# Triangle removal lemma

(diff) ← Older revision | Latest revision (diff) | Newer revision → (diff)

Triangle removal lemma: If a graph on $n$ vertices contains $o(n^3)$ triangles, then all triangles can be deleted by removing at most $o(n^2)$ edges. That is, for every $a\gt0$ there exists $c\gt0$ such that if $G$ is any graph with $n$ vertices and at most $cn^3$ triangles, then it is possible to remove at most $an^2$ edges and end up with a graph that is triangle free.

This lemma was first proven by Ruzsa and Szemerédi, who observed that it implies Roth's theorem. Solymosi later observed that it also implies the corners theorem.

### Deducing the corners theorem

Let $A$ be a subset of $[n]^2$ of density $\delta$. Define a tripartite graph $G$ by taking its vertex sets to be $X=Y=[n]$ and $Z=[2n]$. Join $x\in X$ to $y\in Y$ if and only if $(x,y)\in A$. Join $x\in X$ to $z\in Z$ if and only if $(x,z-x)\in A$. Join $y\in Y$ to $z\in Z$ if and only if $(z-y,y)\in A$. (One thinks of $X$ as the set of vertical lines through $[n]^2$, $Y$ as the set of horizontal lines, and $Z$ as the set of lines of gradient $-1$. Two vertices are joined if the corresponding lines intersect at a point in $A$.)

Now suppose that we have a triangle $xyz$ in the graph $G$. Then $(x,y), (x,y+d)$ and $(x+d,y)$ belong to $A$, where $d=z-x-y$. This gives us a corner unless $x+y=z$. If $x+y=z$ then the three lines corresponding to $x, y$ and $z$ all go through the same point. Let us call this a degenerate triangle in $G$.

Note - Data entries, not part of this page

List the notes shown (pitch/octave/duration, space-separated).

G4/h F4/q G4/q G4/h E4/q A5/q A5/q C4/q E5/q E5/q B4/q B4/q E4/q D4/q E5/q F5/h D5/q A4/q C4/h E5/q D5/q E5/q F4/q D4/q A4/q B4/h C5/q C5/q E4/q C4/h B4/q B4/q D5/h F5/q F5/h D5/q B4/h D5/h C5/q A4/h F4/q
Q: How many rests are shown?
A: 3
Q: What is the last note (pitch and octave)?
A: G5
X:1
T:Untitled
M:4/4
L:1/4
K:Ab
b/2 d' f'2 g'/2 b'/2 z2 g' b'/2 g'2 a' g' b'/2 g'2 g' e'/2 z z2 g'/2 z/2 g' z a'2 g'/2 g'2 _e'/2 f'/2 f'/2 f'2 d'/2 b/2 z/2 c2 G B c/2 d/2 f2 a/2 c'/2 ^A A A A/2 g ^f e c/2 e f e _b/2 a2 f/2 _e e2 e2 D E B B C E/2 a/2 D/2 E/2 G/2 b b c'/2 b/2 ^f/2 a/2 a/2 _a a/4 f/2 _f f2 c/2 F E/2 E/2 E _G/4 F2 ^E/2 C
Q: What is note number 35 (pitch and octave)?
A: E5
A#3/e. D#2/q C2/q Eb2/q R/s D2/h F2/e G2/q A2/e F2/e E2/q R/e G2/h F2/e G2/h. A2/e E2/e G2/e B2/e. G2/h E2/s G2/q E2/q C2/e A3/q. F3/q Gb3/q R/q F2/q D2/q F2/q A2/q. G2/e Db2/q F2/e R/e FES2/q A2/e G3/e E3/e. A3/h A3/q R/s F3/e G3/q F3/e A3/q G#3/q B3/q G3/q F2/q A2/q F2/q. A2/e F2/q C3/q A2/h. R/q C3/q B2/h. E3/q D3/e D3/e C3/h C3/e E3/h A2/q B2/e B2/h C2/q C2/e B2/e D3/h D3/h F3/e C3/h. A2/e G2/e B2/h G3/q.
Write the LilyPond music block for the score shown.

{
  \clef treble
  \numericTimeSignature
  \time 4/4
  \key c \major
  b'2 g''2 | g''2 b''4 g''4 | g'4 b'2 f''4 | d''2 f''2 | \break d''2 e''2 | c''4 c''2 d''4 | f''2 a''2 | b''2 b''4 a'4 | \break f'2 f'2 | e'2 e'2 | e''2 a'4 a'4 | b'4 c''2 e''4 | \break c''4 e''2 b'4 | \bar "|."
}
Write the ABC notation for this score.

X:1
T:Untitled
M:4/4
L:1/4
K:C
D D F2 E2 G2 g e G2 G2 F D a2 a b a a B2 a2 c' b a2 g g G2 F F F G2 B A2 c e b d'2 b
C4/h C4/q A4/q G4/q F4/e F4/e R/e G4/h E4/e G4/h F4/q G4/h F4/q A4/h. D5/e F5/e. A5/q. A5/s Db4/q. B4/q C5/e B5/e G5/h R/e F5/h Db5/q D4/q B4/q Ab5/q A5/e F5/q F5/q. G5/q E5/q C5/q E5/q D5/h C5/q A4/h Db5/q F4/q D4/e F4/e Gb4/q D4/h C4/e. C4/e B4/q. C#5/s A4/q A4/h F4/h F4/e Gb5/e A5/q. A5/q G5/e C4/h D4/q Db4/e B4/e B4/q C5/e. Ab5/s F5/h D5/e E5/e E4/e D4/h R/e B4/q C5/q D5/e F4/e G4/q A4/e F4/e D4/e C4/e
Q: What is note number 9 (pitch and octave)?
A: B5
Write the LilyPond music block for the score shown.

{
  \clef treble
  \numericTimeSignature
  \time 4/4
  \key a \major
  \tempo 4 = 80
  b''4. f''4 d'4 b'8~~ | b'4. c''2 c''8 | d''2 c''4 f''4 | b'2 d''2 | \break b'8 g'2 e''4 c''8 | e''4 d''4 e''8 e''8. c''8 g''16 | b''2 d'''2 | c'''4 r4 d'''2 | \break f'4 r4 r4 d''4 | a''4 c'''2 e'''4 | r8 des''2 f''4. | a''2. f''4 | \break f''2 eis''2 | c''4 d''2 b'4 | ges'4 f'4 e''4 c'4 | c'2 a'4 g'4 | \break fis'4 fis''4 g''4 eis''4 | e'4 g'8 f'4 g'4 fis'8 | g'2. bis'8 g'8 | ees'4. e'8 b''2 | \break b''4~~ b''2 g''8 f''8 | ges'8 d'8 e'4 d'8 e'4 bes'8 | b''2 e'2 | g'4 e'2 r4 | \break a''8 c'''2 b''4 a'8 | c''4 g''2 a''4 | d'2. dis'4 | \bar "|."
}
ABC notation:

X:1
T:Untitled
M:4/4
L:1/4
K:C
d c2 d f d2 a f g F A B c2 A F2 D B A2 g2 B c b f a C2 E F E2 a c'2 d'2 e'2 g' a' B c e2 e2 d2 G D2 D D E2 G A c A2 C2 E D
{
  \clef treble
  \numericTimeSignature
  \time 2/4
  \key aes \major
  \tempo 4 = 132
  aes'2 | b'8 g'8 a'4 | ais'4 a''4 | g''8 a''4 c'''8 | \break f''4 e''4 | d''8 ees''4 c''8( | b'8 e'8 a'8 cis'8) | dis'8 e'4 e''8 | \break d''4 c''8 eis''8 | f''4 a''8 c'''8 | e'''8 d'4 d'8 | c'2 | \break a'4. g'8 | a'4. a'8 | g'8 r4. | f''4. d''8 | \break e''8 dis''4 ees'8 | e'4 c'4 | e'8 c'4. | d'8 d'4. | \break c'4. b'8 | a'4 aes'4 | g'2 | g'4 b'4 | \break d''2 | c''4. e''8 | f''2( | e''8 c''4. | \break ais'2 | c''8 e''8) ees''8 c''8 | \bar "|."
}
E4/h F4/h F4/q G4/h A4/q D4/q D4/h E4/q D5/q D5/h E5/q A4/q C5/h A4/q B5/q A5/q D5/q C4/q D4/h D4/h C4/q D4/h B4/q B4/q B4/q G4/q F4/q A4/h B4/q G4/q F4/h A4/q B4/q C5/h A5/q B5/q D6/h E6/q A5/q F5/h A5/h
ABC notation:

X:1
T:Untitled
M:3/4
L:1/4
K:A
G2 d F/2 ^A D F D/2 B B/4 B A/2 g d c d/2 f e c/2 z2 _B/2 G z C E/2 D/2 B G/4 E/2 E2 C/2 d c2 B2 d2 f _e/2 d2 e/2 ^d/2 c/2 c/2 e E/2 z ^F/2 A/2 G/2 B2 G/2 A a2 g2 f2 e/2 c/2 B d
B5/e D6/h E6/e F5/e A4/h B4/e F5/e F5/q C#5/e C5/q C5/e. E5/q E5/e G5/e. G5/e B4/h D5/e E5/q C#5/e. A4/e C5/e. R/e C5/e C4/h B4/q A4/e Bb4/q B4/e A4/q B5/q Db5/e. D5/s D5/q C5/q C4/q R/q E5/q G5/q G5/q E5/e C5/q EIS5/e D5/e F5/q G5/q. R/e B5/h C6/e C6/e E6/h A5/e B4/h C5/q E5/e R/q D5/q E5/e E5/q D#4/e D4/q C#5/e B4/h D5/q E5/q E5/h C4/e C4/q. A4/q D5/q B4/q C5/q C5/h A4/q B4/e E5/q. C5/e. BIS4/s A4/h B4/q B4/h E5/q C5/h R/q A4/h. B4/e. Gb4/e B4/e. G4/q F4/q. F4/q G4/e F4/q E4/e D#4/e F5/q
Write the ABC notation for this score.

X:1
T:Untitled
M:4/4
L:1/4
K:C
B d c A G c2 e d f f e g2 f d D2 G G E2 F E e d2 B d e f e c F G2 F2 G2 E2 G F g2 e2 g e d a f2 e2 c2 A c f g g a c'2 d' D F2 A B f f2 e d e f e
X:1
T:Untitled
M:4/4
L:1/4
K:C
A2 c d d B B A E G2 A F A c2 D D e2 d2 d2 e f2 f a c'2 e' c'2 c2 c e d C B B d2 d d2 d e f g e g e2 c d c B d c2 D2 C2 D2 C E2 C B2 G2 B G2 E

It is easy to check that the degenerate triangles are edge disjoint. Moreover, for each point of $A$ there is a degenerate triangle. Therefore, one cannot remove fewer than $\delta n^2$ edges and end up with no triangles. By the triangle removal lemma, it follows that there are at least $c(\delta)n^3$ triangles in the graph $G$. If $n$ is sufficiently large, this implies that there is at least one non-degenerate triangle in $G$, and hence a corner in $A$.

### A triangle-removal lemma that would imply DHJ

Let $A$ be a subset of $[3]^n$. Then we can define a tripartite graph as follows. Its three vertex sets $X, Y$ and $Z$ are all copies of the power set of $[n]$. We join $U\in X$ to $V\in Y$ if $U$ and $V$ are disjoint and the sequence that is 1 in $U$, 2 in $V$ and 3 in $[n]\setminus(U\cup V)$ belongs to $A$. We join $V\in Y$ to $W\in Z$ if the sequence that is 2 on $V$ and 3 on $W$ and 1 elsewhere belongs to $A$. And we join $U\in X$ to $W\in Z$ if the sequence that is 1 on $U$ and 3 on $W$ and 2 elsewhere belongs to $A$.

Suppose now that we have a triangle $U,V,W$ in this graph and let $D$ be the complement of $U\cup V\cup W$. Then the three sequences with 1-set, 2-set and 3-set equal to $(U,V,W\cup D), (U\cup D,V,W)$ and $(U,V\cup D,W)$ all belong to $A$. This gives us a combinatorial line unless $D=\emptyset$. Let us call such triangles degenerate.

This argument shows that if DHJ is false then there is a tripartite graph with degenerate triangles only, and its three parts are all dense subgraphs of the graph where you join two sets if they are disjoint. We cannot remove all degenerate triangles without removing $|A|$ edges. If this is a contradiction, then DHJ is proved.